Ask HN: Best book on machine learning? - hartator
I am wondering what the HN community will recommend as the best book on machine learning, specially for computer vision with Caffe or TensorFlow.
======
curuinor
You're not asking about anything about computer vision, if you're asking just
about Caffe and Tensorflow. You're not even asking about the whole of machine
learning: you're just asking about neural networks.

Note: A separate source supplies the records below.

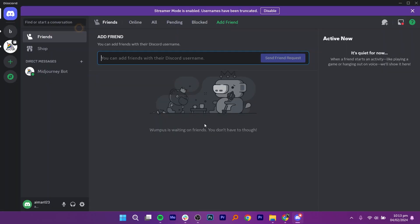Note that rejoining this server is only possible if you receive a new invitation. This is how you can leave a Discord server without notifying.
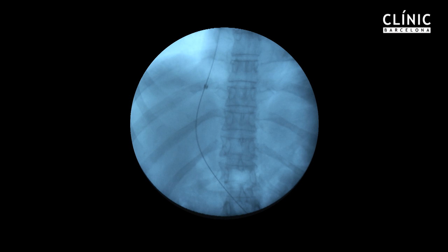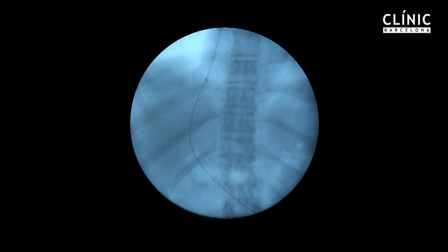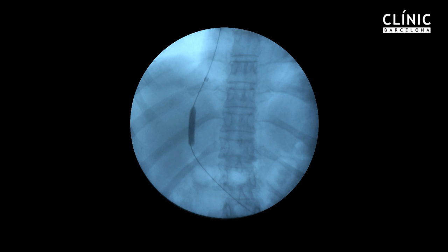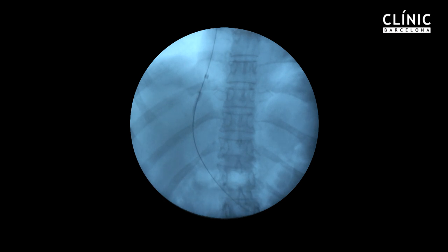An angioplasty with an 8-millimeter diameter balloon is performed, showing an indentation where the wall of the portal vein is dilated, and also at the hepatic vein level.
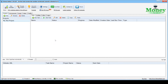Hey everybody, you are on the Proxy Seller Channel. My name is Max, and in this video I will show you a step-by-step tutorial on how to set up a proxy in the Money Robot program. For those who don't know, Money Robot is an effective SEO tool and one of the best software to generate traffic to your website and rank it to the top pages on Google.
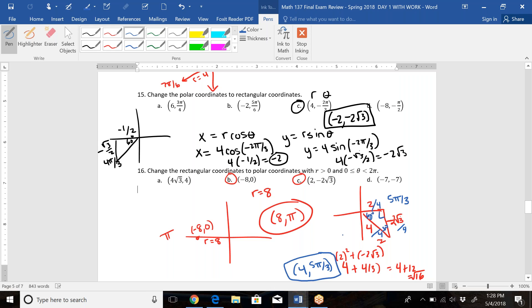A lot of this non-calculator material relies heavily on knowing your unit circle. That's everything for this video — I hope it helps you prep for the Day 1 material.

If you haven't done significant mathematical stuff by yourself (like, do all
the problems in a math book by yourself without anyone else telling you what
to do), go get a degree. MS in CS is probably best, those are surprisingly
easy to get into.

Otherwise, Haykin's Neural Networks and Learning Machines is best in my
opinion ([http://www.amazon.com/Neural-Networks-Learning-
Machines-3rd/...](http://www.amazon.com/Neural-Networks-Learning-
Machines-3rd/dp/0131471392)). Bengio's Deep Learning book is the most current
by far ([http://www.deeplearningbook.org/](http://www.deeplearningbook.org/)).
Otherwise, you read papers.

Note that all of these will deal nearly exclusively with the mathematics.
Otherwise, you are following tutorials and wouldn't need any actual knowledge
to do things. Some of the mathematics is a year old: some of the mathematics
is 50 years old, some of it has been around since Gauss.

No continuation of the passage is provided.